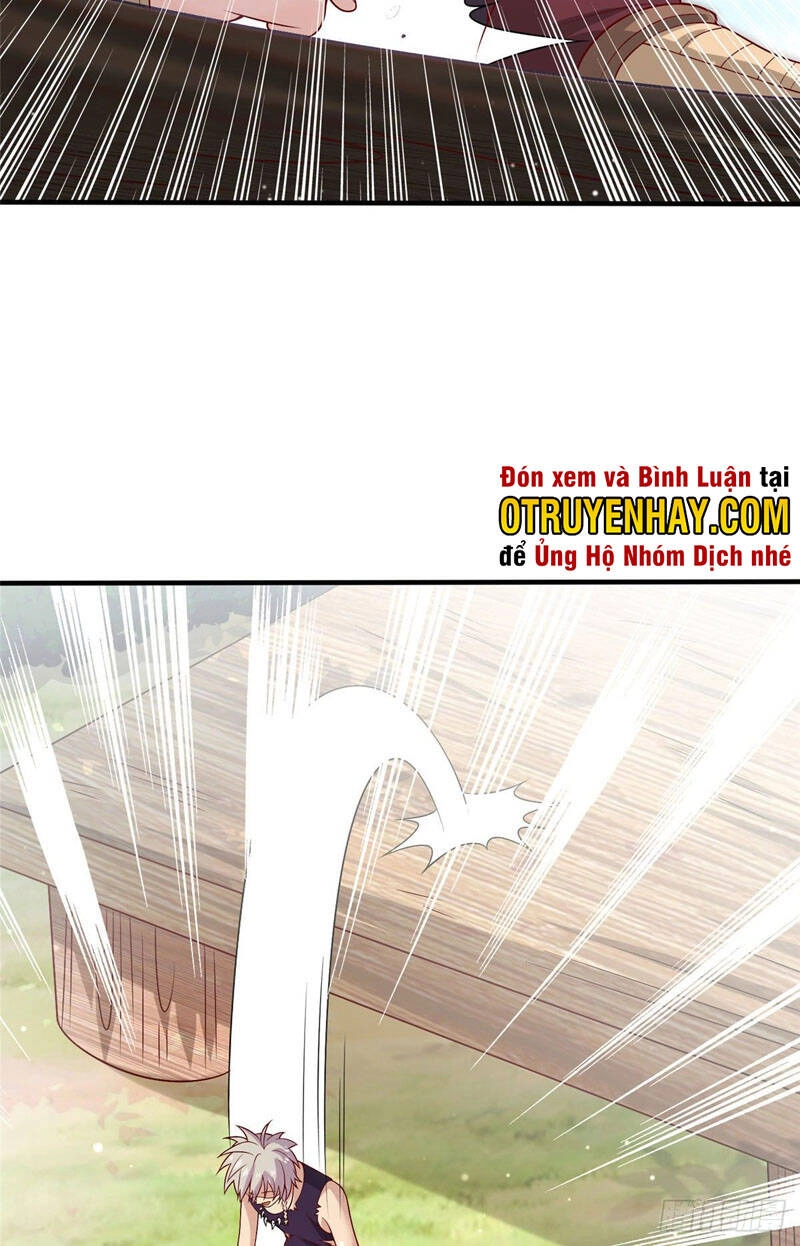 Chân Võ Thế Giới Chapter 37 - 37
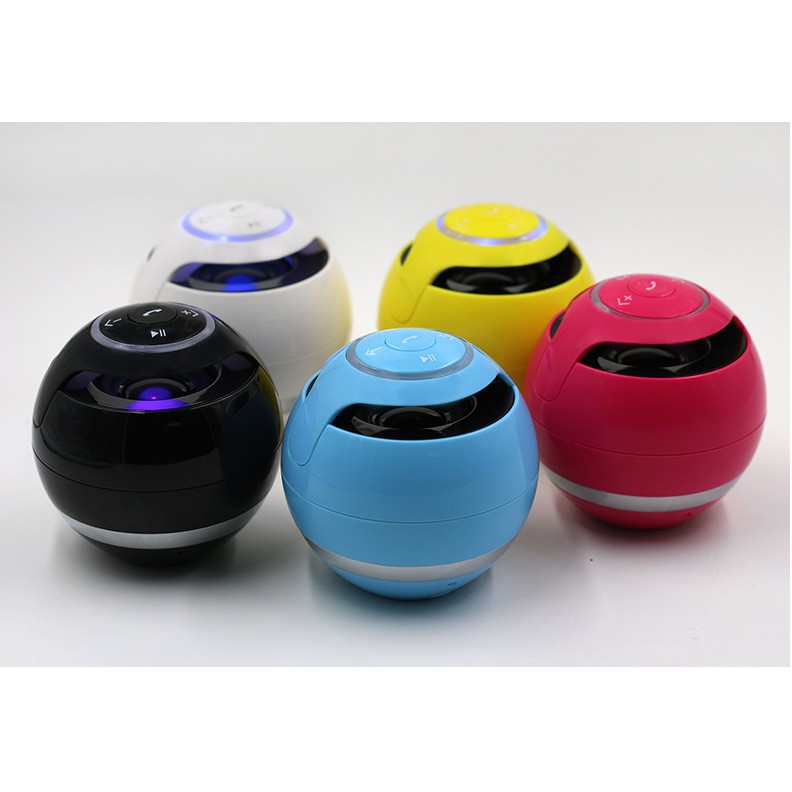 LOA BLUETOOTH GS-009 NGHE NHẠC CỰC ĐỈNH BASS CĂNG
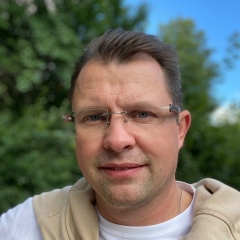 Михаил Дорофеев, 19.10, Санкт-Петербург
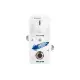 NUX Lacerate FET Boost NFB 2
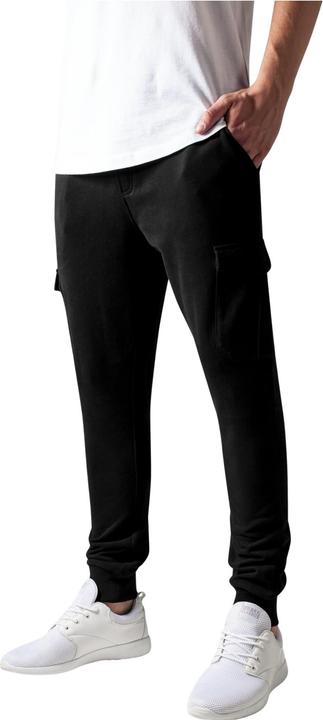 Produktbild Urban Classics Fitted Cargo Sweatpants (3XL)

-*-*-

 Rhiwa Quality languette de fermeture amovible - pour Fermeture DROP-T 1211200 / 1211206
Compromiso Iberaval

-*-*-

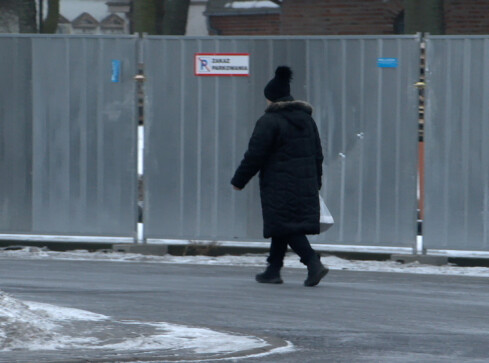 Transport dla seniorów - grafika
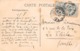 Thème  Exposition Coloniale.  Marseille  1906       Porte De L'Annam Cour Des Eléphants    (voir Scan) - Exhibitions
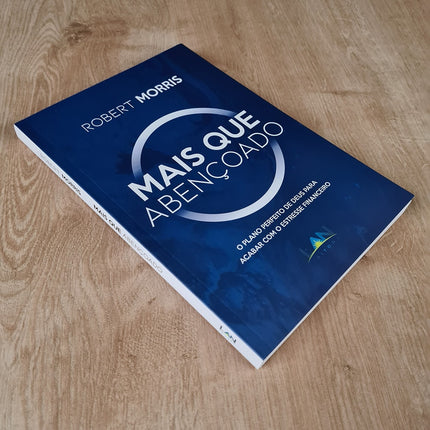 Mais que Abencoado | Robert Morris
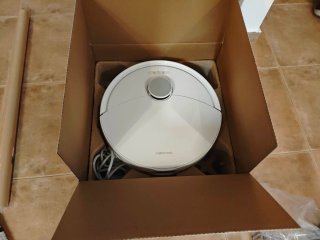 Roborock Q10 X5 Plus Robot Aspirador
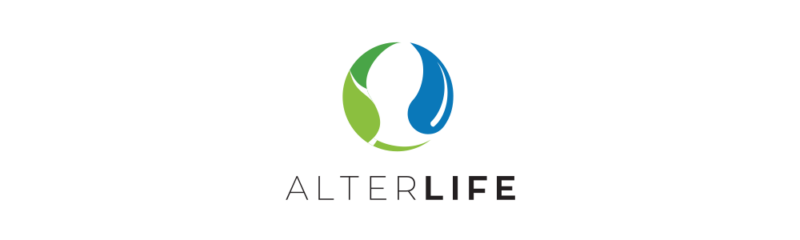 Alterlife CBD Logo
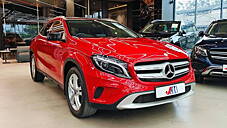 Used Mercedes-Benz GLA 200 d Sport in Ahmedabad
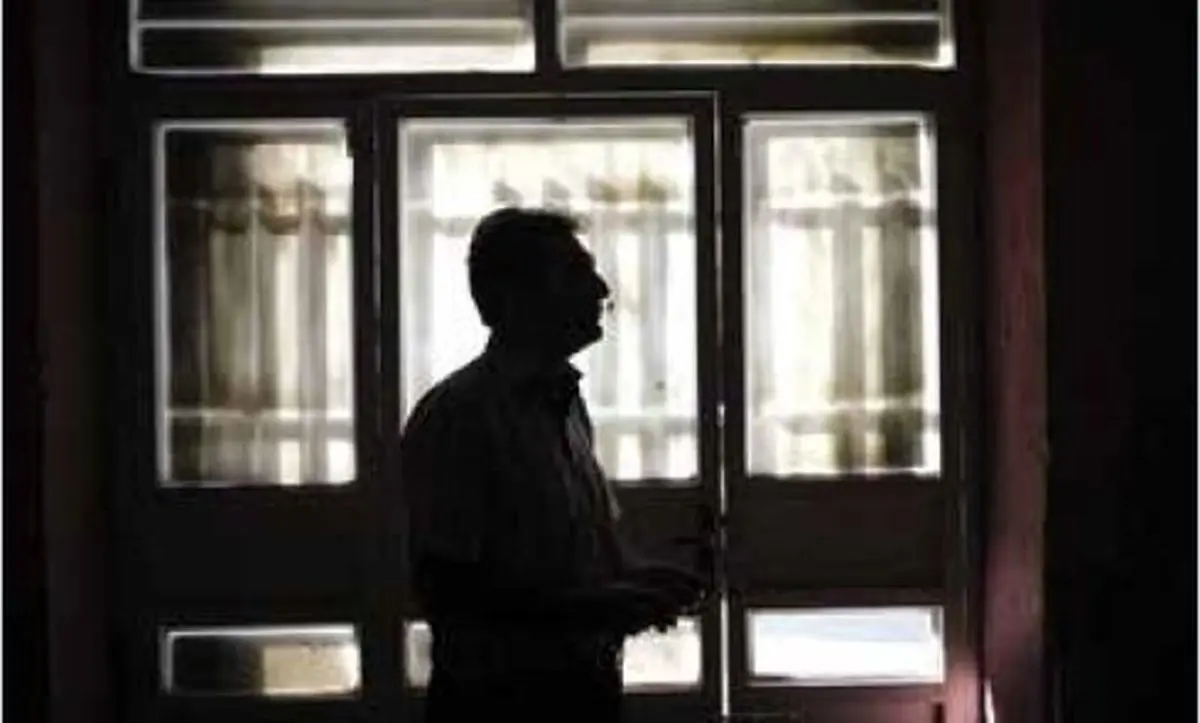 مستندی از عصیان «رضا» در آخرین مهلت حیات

-*-*-

● About this exercise: The copy should hold exactly the lines above from the one with "Alterlife CBD Logo" through the one with "مستندی از عصیان", both ends counted, and no pictures at all.

● Answer:
 Alterlife CBD Logo
 Used Mercedes-Benz GLA 200 d Sport in Ahmedabad
 مستندی از عصیان «رضا» در آخرین مهلت حیات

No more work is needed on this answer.